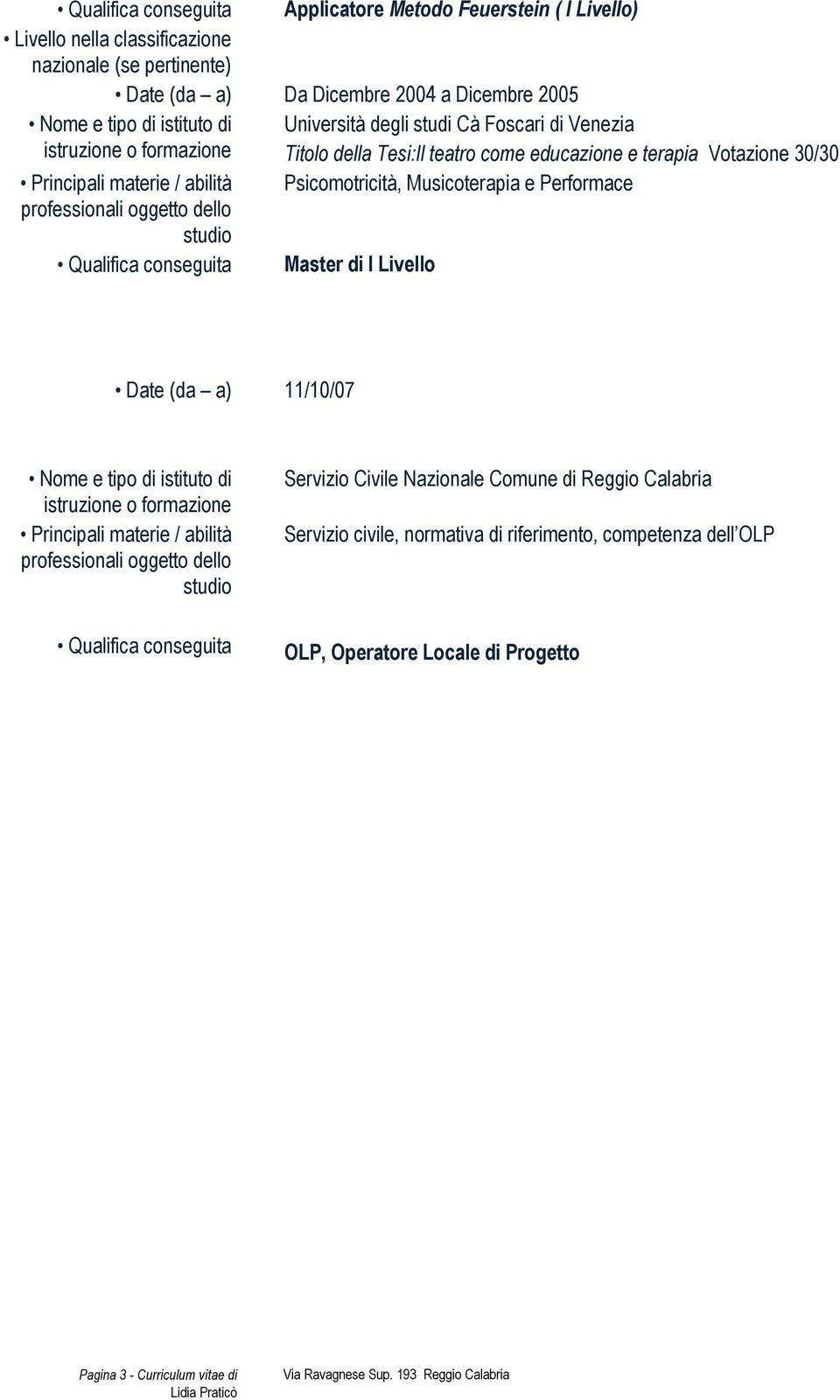 Psicomotricità, Musicoterapia e Performace Qualifica conseguita Master di I Livello Date (da a) 11/10/07 Nome e tipo di istituto di istruzione o formazione Principali materie / abilità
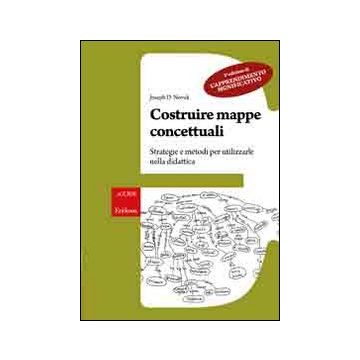 Costruire mappe concettuali. Strategie e metodi per utilizzarle nella didattica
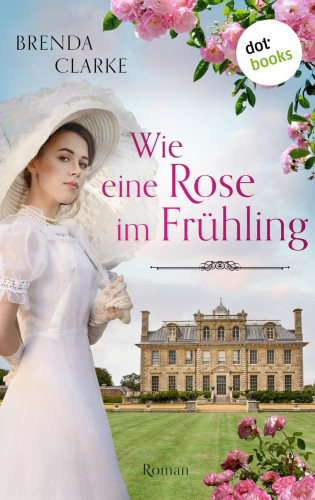 Brenda Clarke: Wie eine Rose im Frühling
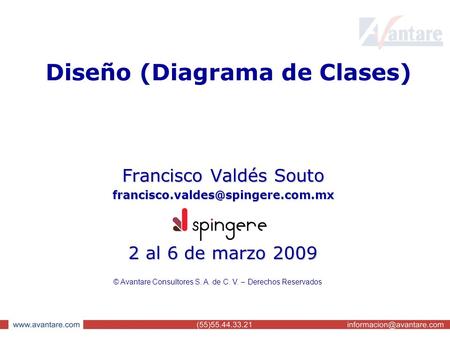 Diseño (Diagrama de Clases) Francisco Valdés Souto 2 al 6 de marzo 2009 © Avantare Consultores S. A. de C. V. – Derechos.
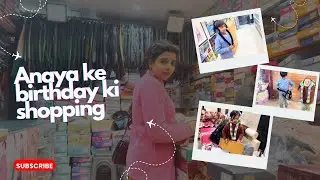 Anaya ke birthday ki shopping karne gaye 👍!! #subscribe #familyvlog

########################################

Once the pictures are set aside, output all of the data above verbatim.

 Psicomotricità, Musicoterapia e Performace Qualifica conseguita Master di I Livello Date (da a) 11/10/07 Nome e tipo di istituto di istruzione o formazione Principali materie / abilità
 Costruire mappe concettuali. Strategie e metodi per utilizzarle nella didattica
 Brenda Clarke: Wie eine Rose im Frühling
 Diseño (Diagrama de Clases) Francisco Valdés Souto 2 al 6 de marzo 2009 © Avantare Consultores S. A. de C. V. – Derechos.
 Anaya ke birthday ki shopping karne gaye 👍!! #subscribe #familyvlog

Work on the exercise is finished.